Data records:
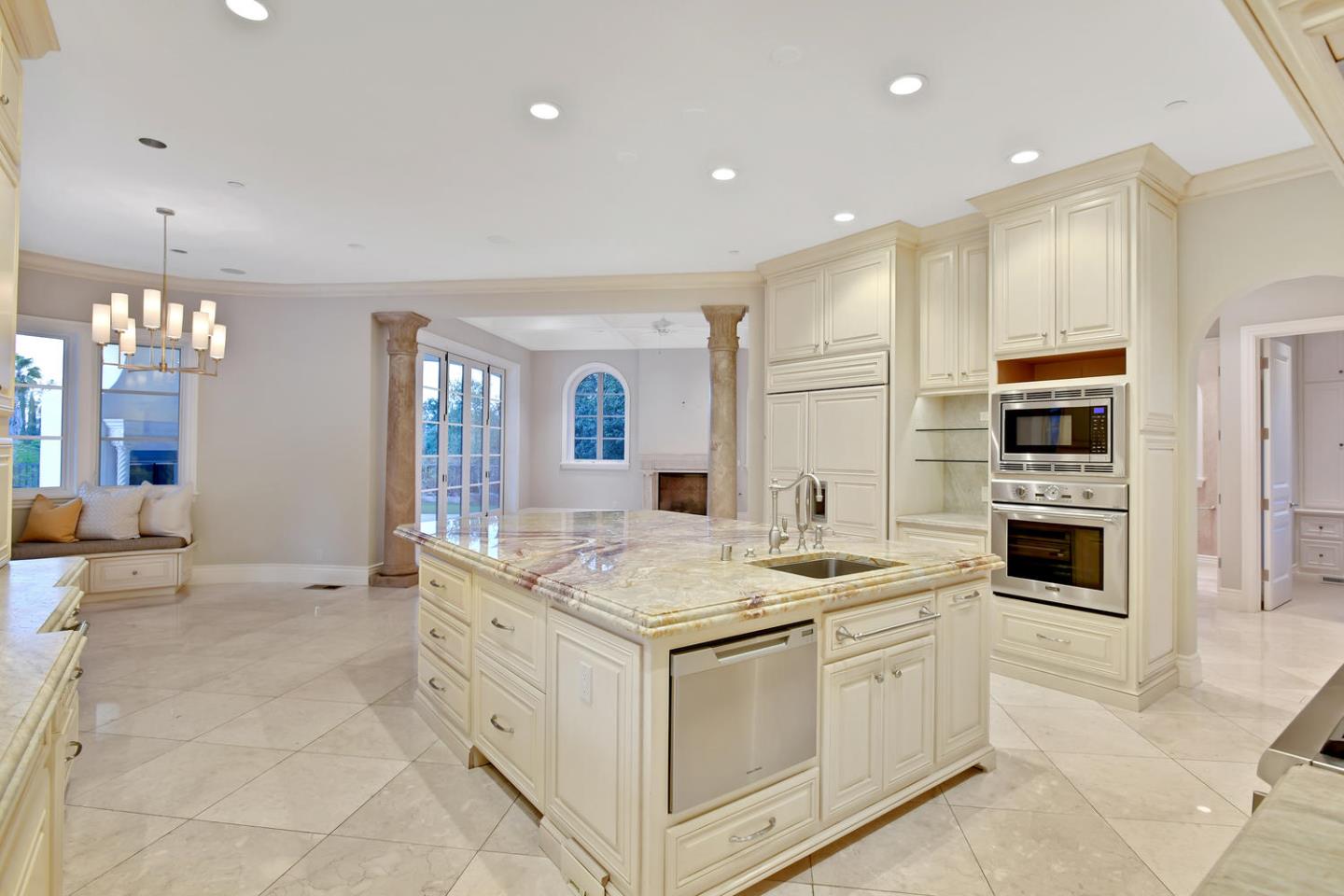 18612 Decatur Road Monte Sereno, CA 95030 - Photo 31 of 50 a kitchen that has a lot of cabinets in it and wooden floors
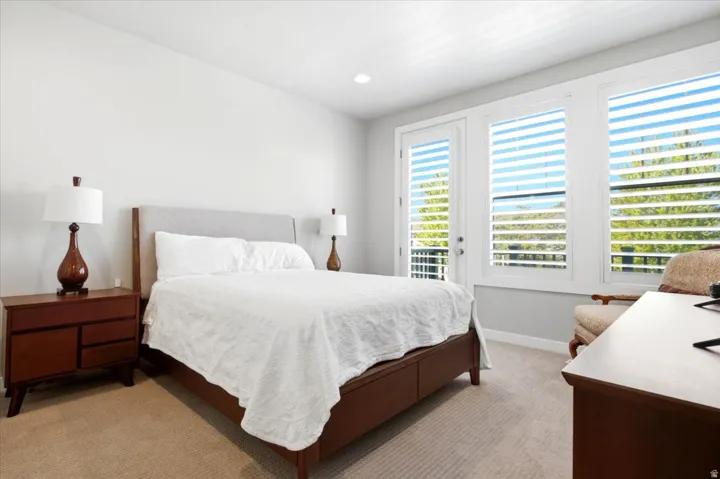 Recessed lighting, light-colored walls, white plantation shutters, glass-paneled door, and carpeted flooring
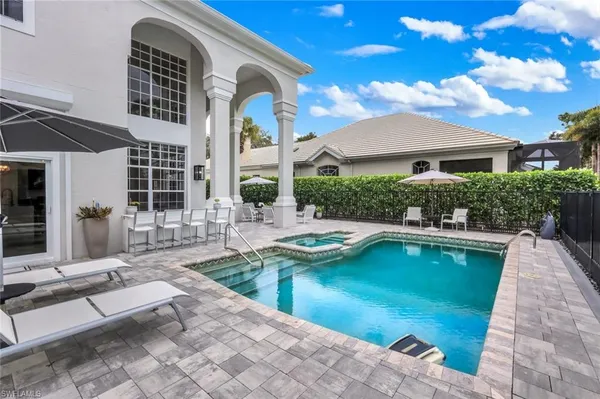 a view of swimming pool with outdoor seating and a potted plant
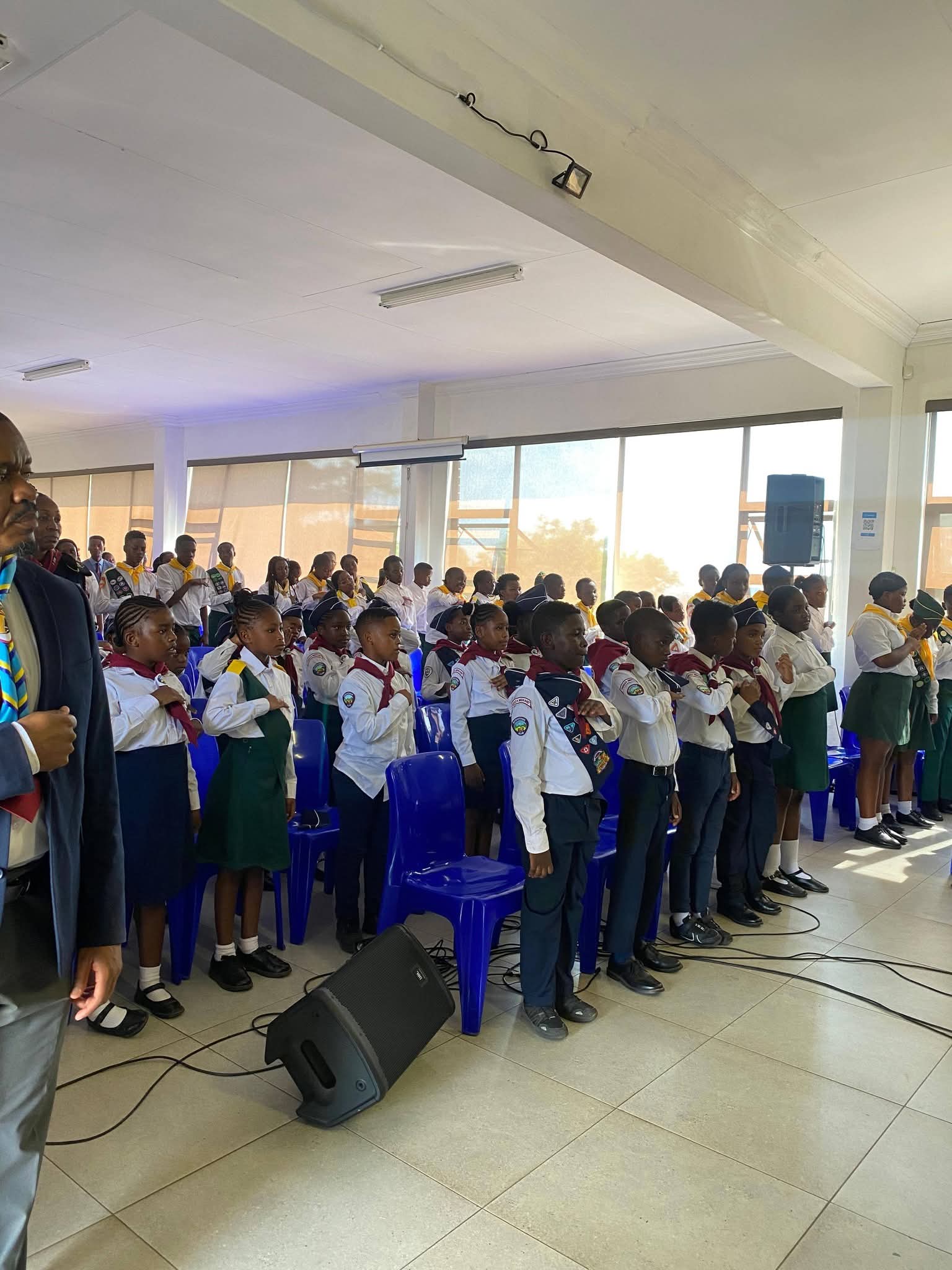 a woman sitting on a rock with a dog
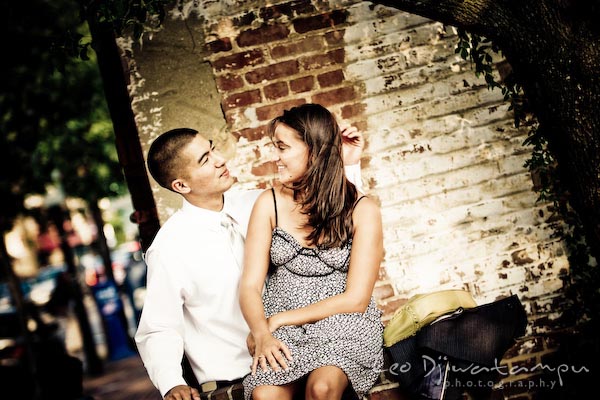 fiancee couple brushing hair. fun candid engagement prewedding photo session Old Town Alexandria VA Washington DC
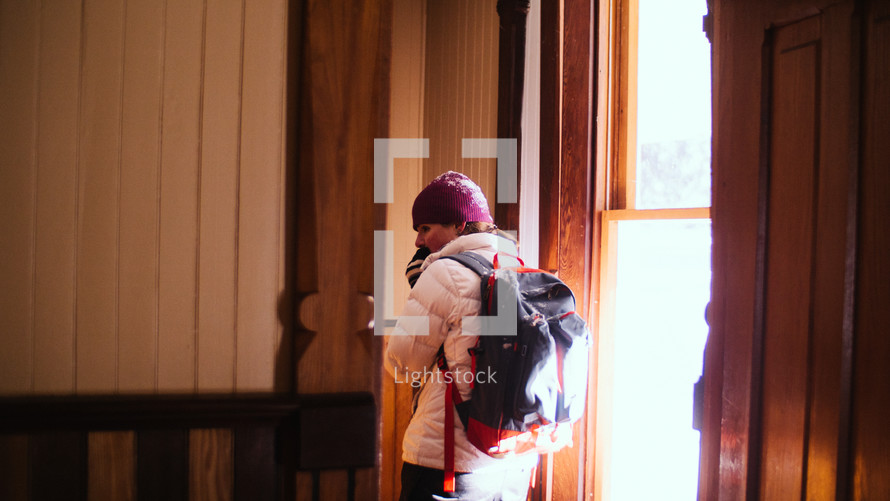 a woman bundled up standing in a ski lodge 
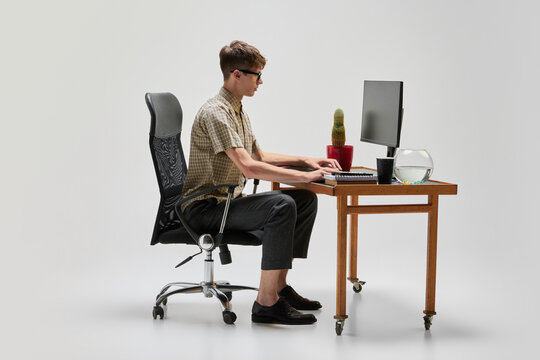 Young programmer. Portrait of smart and serious student sitting at computer desk and studying. Studying, education, youth, remote workplace concept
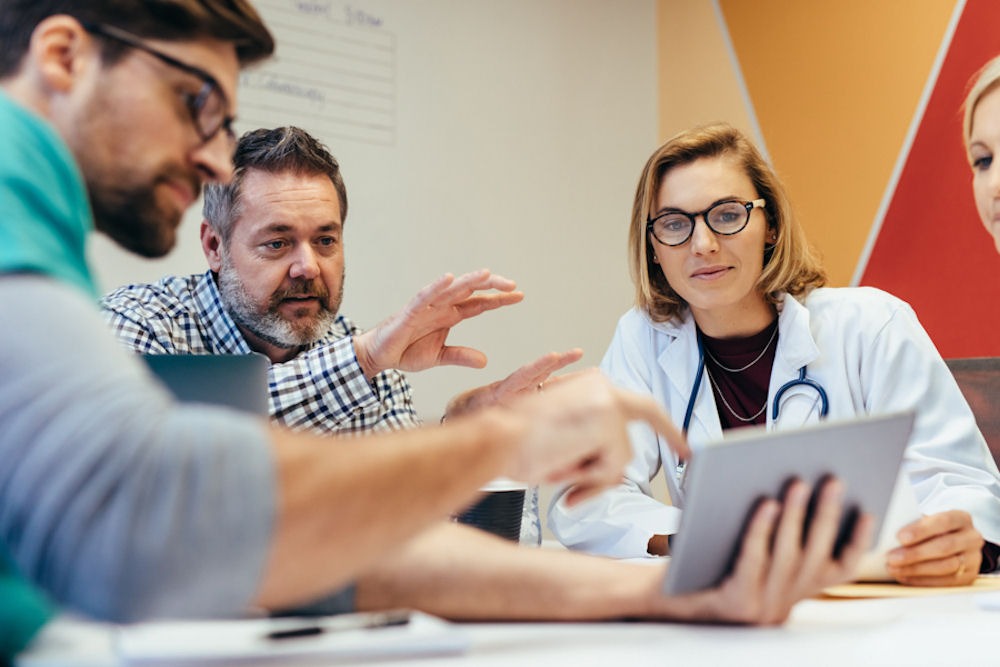 team of medical professionals reviewing a treatment plan on a tablet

Assigned task: An exact restatement is expected of the lines from the line containing "a view of swimming" to the end of the data above, pictures excluded.

Result of the exercise:
 a view of swimming pool with outdoor seating and a potted plant
 a woman sitting on a rock with a dog
 fiancee couple brushing hair. fun candid engagement prewedding photo session Old Town Alexandria VA Washington DC
 a woman bundled up standing in a ski lodge 
 Young programmer. Portrait of smart and serious student sitting at computer desk and studying. Studying, education, youth, remote workplace concept
 team of medical professionals reviewing a treatment plan on a tablet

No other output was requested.